TASK ITEM: An exact repetition of the records is required. Leave nothing out.

DATA SHOWN:

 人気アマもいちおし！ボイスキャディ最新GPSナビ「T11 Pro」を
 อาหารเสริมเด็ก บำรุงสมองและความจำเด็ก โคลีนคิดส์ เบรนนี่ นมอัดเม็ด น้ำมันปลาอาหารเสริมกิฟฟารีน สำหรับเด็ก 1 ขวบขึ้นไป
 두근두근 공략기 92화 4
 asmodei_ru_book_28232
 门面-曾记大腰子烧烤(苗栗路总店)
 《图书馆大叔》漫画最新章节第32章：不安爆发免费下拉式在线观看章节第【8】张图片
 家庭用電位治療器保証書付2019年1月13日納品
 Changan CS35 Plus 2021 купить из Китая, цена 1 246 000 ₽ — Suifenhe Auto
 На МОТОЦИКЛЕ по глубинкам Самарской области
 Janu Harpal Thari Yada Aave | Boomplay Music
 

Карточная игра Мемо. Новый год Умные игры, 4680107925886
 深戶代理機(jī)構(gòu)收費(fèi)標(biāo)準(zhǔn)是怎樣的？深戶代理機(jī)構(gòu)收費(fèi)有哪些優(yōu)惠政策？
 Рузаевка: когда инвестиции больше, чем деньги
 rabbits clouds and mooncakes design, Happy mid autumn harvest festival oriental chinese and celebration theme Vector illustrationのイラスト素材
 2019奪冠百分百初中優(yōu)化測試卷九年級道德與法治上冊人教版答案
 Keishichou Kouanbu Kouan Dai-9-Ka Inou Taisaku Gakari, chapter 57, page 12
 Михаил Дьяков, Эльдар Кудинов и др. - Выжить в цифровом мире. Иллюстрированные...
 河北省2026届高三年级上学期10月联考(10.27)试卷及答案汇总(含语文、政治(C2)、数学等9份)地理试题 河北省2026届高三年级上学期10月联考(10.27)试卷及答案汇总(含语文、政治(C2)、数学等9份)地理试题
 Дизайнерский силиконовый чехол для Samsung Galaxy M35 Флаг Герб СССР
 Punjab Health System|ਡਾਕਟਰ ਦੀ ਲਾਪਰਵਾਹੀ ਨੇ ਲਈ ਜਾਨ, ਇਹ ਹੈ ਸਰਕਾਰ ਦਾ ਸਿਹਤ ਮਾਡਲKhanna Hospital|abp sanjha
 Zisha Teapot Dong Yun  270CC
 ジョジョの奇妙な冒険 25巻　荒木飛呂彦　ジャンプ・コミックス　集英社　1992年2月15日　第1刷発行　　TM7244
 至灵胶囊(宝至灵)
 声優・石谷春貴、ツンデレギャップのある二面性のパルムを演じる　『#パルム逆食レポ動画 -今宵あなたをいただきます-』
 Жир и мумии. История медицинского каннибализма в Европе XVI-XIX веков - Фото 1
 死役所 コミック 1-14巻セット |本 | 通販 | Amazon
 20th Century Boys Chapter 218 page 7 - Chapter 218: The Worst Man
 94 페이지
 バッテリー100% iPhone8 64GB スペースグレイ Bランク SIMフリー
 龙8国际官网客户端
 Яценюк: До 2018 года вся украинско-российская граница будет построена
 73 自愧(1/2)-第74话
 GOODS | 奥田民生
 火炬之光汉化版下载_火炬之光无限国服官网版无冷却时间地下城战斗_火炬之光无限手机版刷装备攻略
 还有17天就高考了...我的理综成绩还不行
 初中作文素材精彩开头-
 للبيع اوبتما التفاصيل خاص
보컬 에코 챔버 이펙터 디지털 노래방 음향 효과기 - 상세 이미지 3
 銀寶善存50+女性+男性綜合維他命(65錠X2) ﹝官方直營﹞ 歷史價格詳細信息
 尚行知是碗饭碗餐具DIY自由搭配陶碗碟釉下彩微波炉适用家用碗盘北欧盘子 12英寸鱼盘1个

YOUR SOLUTION:
 人気アマもいちおし！ボイスキャディ最新GPSナビ「T11 Pro」を
 อาหารเสริมเด็ก บำรุงสมองและความจำเด็ก โคลีนคิดส์ เบรนนี่ นมอัดเม็ด น้ำมันปลาอาหารเสริมกิฟฟารีน สำหรับเด็ก 1 ขวบขึ้นไป
 두근두근 공략기 92화 4
 asmodei_ru_book_28232
 门面-曾记大腰子烧烤(苗栗路总店)
 《图书馆大叔》漫画最新章节第32章：不安爆发免费下拉式在线观看章节第【8】张图片
 家庭用電位治療器保証書付2019年1月13日納品
 Changan CS35 Plus 2021 купить из Китая, цена 1 246 000 ₽ — Suifenhe Auto
 На МОТОЦИКЛЕ по глубинкам Самарской области
 Janu Harpal Thari Yada Aave | Boomplay Music
 

Карточная игра Мемо. Новый год Умные игры, 4680107925886
 深戶代理機(jī)構(gòu)收費(fèi)標(biāo)準(zhǔn)是怎樣的？深戶代理機(jī)構(gòu)收費(fèi)有哪些優(yōu)惠政策？
 Рузаевка: когда инвестиции больше, чем деньги
 rabbits clouds and mooncakes design, Happy mid autumn harvest festival oriental chinese and celebration theme Vector illustrationのイラスト素材
 2019奪冠百分百初中優(yōu)化測試卷九年級道德與法治上冊人教版答案
 Keishichou Kouanbu Kouan Dai-9-Ka Inou Taisaku Gakari, chapter 57, page 12
 Михаил Дьяков, Эльдар Кудинов и др. - Выжить в цифровом мире. Иллюстрированные...
 河北省2026届高三年级上学期10月联考(10.27)试卷及答案汇总(含语文、政治(C2)、数学等9份)地理试题 河北省2026届高三年级上学期10月联考(10.27)试卷及答案汇总(含语文、政治(C2)、数学等9份)地理试题
 Дизайнерский силиконовый чехол для Samsung Galaxy M35 Флаг Герб СССР
 Punjab Health System|ਡਾਕਟਰ ਦੀ ਲਾਪਰਵਾਹੀ ਨੇ ਲਈ ਜਾਨ, ਇਹ ਹੈ ਸਰਕਾਰ ਦਾ ਸਿਹਤ ਮਾਡਲKhanna Hospital|abp sanjha
 Zisha Teapot Dong Yun  270CC
 ジョジョの奇妙な冒険 25巻　荒木飛呂彦　ジャンプ・コミックス　集英社　1992年2月15日　第1刷発行　　TM7244
 至灵胶囊(宝至灵)
 声優・石谷春貴、ツンデレギャップのある二面性のパルムを演じる　『#パルム逆食レポ動画 -今宵あなたをいただきます-』
 Жир и мумии. История медицинского каннибализма в Европе XVI-XIX веков - Фото 1
 死役所 コミック 1-14巻セット |本 | 通販 | Amazon
 20th Century Boys Chapter 218 page 7 - Chapter 218: The Worst Man
 94 페이지
 バッテリー100% iPhone8 64GB スペースグレイ Bランク SIMフリー
 龙8国际官网客户端
 Яценюк: До 2018 года вся украинско-российская граница будет построена
 73 自愧(1/2)-第74话
 GOODS | 奥田民生
 火炬之光汉化版下载_火炬之光无限国服官网版无冷却时间地下城战斗_火炬之光无限手机版刷装备攻略
 还有17天就高考了...我的理综成绩还不行
 初中作文素材精彩开头-
 للبيع اوبتما التفاصيل خاص
보컬 에코 챔버 이펙터 디지털 노래방 음향 효과기 - 상세 이미지 3
 銀寶善存50+女性+男性綜合維他命(65錠X2) ﹝官方直營﹞ 歷史價格詳細信息
 尚行知是碗饭碗餐具DIY自由搭配陶碗碟釉下彩微波炉适用家用碗盘北欧盘子 12英寸鱼盘1个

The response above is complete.